Furthermore, a composite cylindrical shell with a thickness of 3 mm, length of 405 mm and inner radius of 100 mm is produced using a T700-12K carbon–epoxy towpreg. The filament winding sequence is [±90]₂/([±20]/[±90]/[±40]/[±90]/[±60]/[±90])₂/[±90]. The mechanical properties are E₁₁ = 102 GPa, E₂₂ = 7 GPa, G₁₂ = 8 GPa, v₁₂ = 0.3. An external hydrostatic load testing is conducted in a hydrostatic chamber. As shown in Figure 7, one end of the shell is fixed on the flange and the other end is connected to the rigid disk. This structural form is equivalent to the cantilever-like boundary conditions. Water is continuously injected into the chamber to apply hydrostatic pressure. Thus, the composite cylindrical shell is submerged into the chamber and experiences external hydrostatic pressure on the shell and the rigid disk. Figure 8 shows the buckling mode observed in the test and using the finite element analysis. The critical buckling pressure and buckling mode obtained using the analytical method, FEM and testing are listed in the Table. Through the comparison, it can be seen that the buckling mode predicted by the analytical solution and FEM is consistent with the experimental result, which is characterized by three waves in the circumferential direction. As for the critical buckling pressure, both the analytical solution and FEM give relatively small deviations.

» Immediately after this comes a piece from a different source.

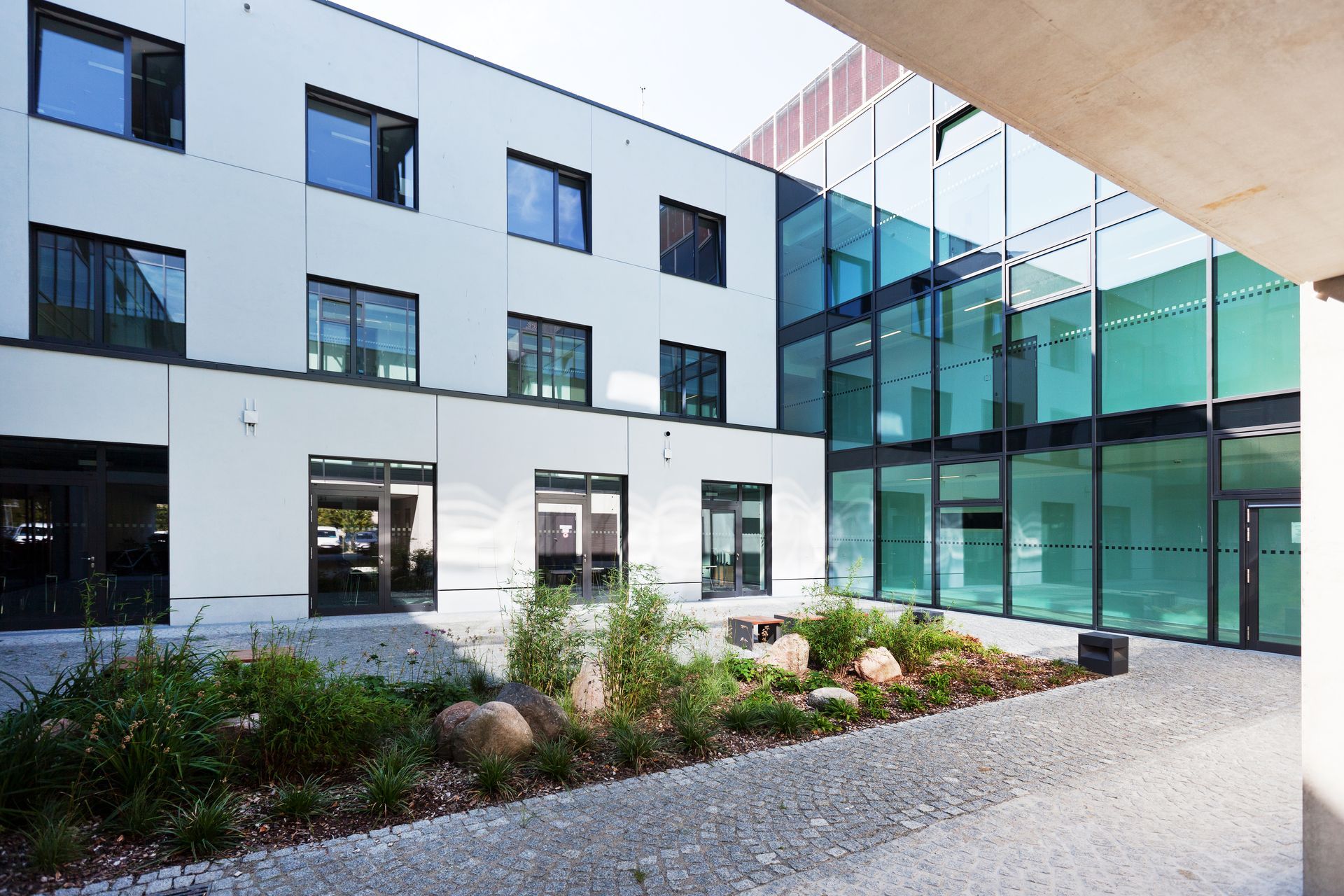 Ein Innenhof des Uniklinikums Greifswald mit Blick auf eine Gebäudeecke und Beet in der Mitte.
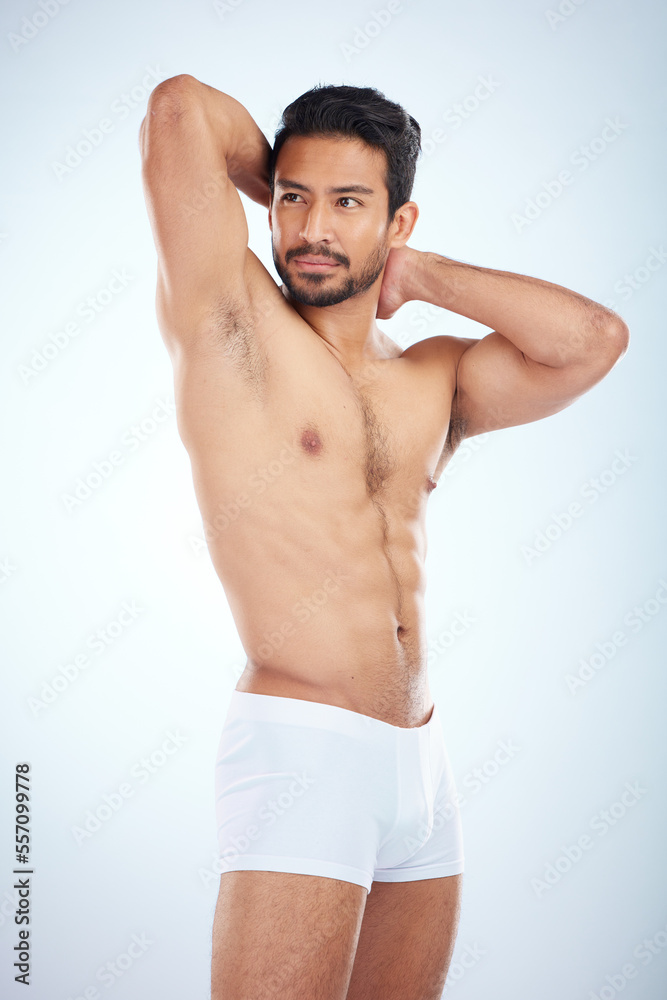 Fototapeta premium Fitness, underwear or man in studio for training, body exercise or bodybuilding workout for wellness. White background, motivation or healthy male model body builder with muscle development or goals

Reviewing the buckling mode of analytical examples listed in Table 5 and

Table 6. Analytical, FEM and experimental results.

Buckling Pressure/Mpa and Buckling Mode n
Analytical Method (Deviation)		Finite Element Method (Deviation)		Experiment
3.297 (7.75%)	n = 3	3.02 (1.31%)	n = 3	3.06	n = 3

, it is found that the initial configuration, such as stacking sequence, radius and length, causes changes in the first mode of buckling and critical buckling pressure of the shell.

4. Conclusions

An analytical solution for the buckling of a composite cylindrical shell subjected to hydrostatic pressure was derived using the Galerkin method. The boundary conditions of the cylindrical shell are that one end is fixed and the other end is connected to a rigid disk allowing axial displacement. The axial displacement of the shell is approximated by the first mode shape of transverse vibration of the clamped sliding beam. The circumferential displacement and deflection are approximated by the first derivation of the beam function. Analytical examples were conducted and the calculation results were compared to the finite element analysis and experimental results. It was shown that the buckling mode of the composite cylindrical shell predicted by the analytical solution was in good agreement with the finite element analysis, while the mode was consistent with the buckling shape observed in the experiment. As for the critical buckling pressure, the analytical method proposed in this study gave a deviation of about 10% in comparison with the test results. The analytical solution derived in the work would be suitable for predicting the critical buckling pressure and buckling mode for thin-walled composite cylindrical shells with cantilever-like boundary conditions under hydrostatic pressure. In future research, the transverse shear effect will be taken into consideration to construct linearized buckling equations to study the buckling of mid-thickness and thick-walled composite cylindrical shells.